Student Question
How does the cat's rationalizing of stealing fish mirror human behavior?
Quick answer:
The cat's rationalization of stealing fish mirrors human behavior by justifying unethical actions through skewed logic. In "I Am a Cat," the feline narrator steals a servant's dinner, claiming his hunger and her unkindness justify his actions. This reflects how humans often rationalize unethical behavior by blaming circumstances or others, portraying themselves as victims, and using emotion-influenced reasoning to excuse actions they would otherwise deem wrong.
In order to provide some guidance for your question, let us begin with a look at how The Oxford Dictionary defines the verb rationalize: “To attempt to explain or justify one’s own or another’s behavior or attitude with logical, plausible, reasons, even if these are not true or appropriate.”
We come across an instance of rationalization in the first chapter of I Am a Cat.
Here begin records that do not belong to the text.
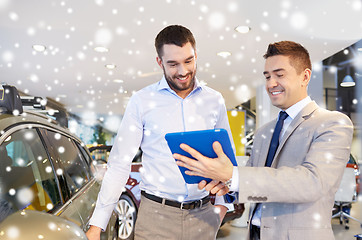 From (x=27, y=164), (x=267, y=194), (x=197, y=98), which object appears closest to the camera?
(x=267, y=194)

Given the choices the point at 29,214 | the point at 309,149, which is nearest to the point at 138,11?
the point at 309,149

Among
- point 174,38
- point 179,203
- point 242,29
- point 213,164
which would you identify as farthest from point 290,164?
point 242,29

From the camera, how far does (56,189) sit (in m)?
1.80

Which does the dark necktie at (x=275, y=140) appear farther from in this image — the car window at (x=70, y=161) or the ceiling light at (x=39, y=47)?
the ceiling light at (x=39, y=47)

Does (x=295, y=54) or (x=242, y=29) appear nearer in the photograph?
(x=295, y=54)

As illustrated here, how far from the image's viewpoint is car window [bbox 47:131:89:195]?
79.4 inches

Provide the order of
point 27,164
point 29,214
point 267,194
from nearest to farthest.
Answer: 1. point 29,214
2. point 267,194
3. point 27,164

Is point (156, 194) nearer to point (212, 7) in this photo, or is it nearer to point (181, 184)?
point (181, 184)

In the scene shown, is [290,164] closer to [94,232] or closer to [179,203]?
[179,203]

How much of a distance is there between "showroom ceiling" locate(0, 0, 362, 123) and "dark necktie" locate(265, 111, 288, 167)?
3075mm

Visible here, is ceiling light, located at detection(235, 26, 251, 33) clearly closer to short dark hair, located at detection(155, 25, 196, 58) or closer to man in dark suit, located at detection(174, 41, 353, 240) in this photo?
short dark hair, located at detection(155, 25, 196, 58)

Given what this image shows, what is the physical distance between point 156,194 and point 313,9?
3.62 metres

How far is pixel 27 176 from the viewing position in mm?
1727

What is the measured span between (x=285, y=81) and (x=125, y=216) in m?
4.00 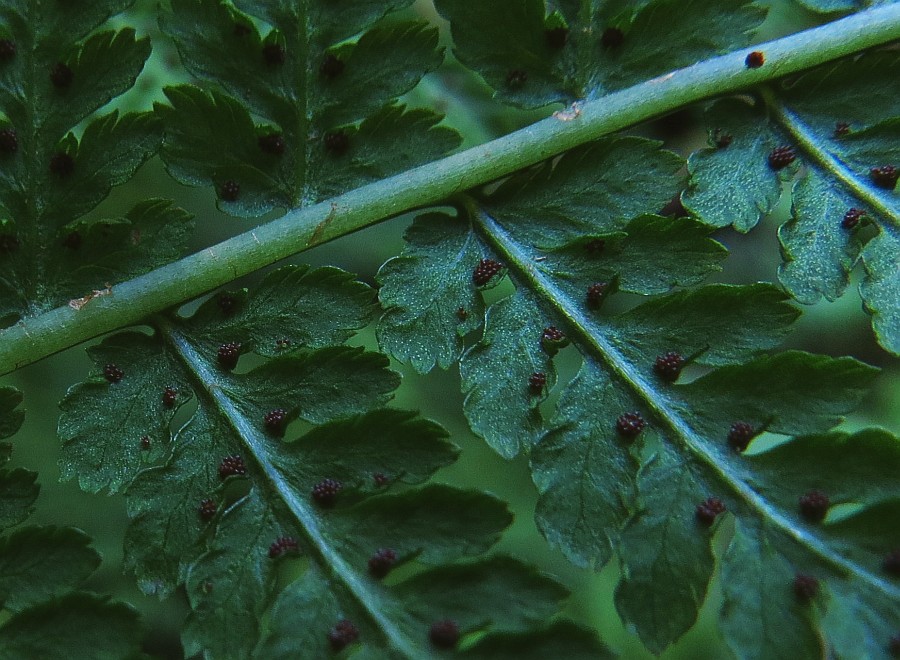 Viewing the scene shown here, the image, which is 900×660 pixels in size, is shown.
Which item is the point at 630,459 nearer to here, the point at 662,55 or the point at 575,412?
the point at 575,412

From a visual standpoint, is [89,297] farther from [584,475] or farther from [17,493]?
[584,475]

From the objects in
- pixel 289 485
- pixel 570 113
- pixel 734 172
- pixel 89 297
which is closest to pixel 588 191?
pixel 570 113

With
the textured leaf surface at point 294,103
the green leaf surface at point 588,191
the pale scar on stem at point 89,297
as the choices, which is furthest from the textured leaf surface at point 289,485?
the green leaf surface at point 588,191

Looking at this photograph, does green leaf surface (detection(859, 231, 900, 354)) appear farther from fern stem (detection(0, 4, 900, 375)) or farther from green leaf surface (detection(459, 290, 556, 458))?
green leaf surface (detection(459, 290, 556, 458))

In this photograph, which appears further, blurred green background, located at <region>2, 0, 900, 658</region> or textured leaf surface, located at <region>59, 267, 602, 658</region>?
blurred green background, located at <region>2, 0, 900, 658</region>

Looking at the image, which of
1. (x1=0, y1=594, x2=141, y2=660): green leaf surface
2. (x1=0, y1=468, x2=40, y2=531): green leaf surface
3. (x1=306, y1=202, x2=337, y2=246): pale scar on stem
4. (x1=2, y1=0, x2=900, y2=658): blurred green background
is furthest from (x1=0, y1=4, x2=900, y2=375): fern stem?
(x1=2, y1=0, x2=900, y2=658): blurred green background

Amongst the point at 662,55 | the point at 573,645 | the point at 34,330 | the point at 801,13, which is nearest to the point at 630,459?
the point at 573,645

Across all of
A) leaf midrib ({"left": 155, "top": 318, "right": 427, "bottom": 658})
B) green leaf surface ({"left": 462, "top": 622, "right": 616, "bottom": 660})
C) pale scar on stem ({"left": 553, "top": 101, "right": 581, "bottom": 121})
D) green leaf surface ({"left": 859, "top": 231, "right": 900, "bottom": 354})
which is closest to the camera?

The cat who narrates the story tells the reader how he was taken out of the warm basket he shared with his siblings and “dear mother” by a shosei (a student who does minor chores in exchange for room and lodging) and “pitched with violence into a prickly clump of bamboo grass.” As a nearly helpless kitten, the narrator is stunned, confused, and very hungry.
Driven by intense hunger, he manages to enter the kitchen of a house where he meets an unkind servant woman named O-San. “No sooner had she seen me than she grabbed me by the scruff of the neck and flung me out of the house.” Hunger and cold drives the kitten to return to the kitchen. O-San flings him out again. The process repeats itself several times, until the master of the house tells the servant woman that the kitten may stay.
Understandably, the cat bears a grudge against O-San for her cruelty. He explains how he dealt with this feeling. “The other day I managed at long last to rid myself of my sense of grievance, for I squared accounts by stealing her dinner of mackerel-pie.” Rationalization can be a kind of skewed and self-administered justice that, at least in the mind of the aggrieved person, sets things right.
Unfortunately, people are not always able to clear up differences or have conversations about things that have gone wrong between them. When one person feels like he or she is owed something, rationalization may come into play in order to settle the feeling of a grievance within oneself. The emotion-influenced reasoning involved in rationalization can give a person’s conscience permission to do something he or she might otherwise consider to be unethical. This is clearly a human trait that is cleverly portrayed in the anthropomorphized narrator of the cat.
How does the cat in I Am a Cat rationalize stealing the fish?
On page 24, the cat says he gets back at a "servant-woman" who keeps throwing him out of the house by sneaking in one more time and eating her dinner of mackerel-pike. Like a human, he rationalizes the theft by stating that, first, he was cold and hungry, and so therefore it was his animal right to help himself to the food, and secondly, he claims that the woman deserved it. If she had been kinder to him, he wouldn't have felt the need to seek his revenge and eat her dinner. It is reminiscent of when humans commit crimes on the basis that they (the criminal) are the victim and that the person they are stealing from is at least partly responsible for their bad luck.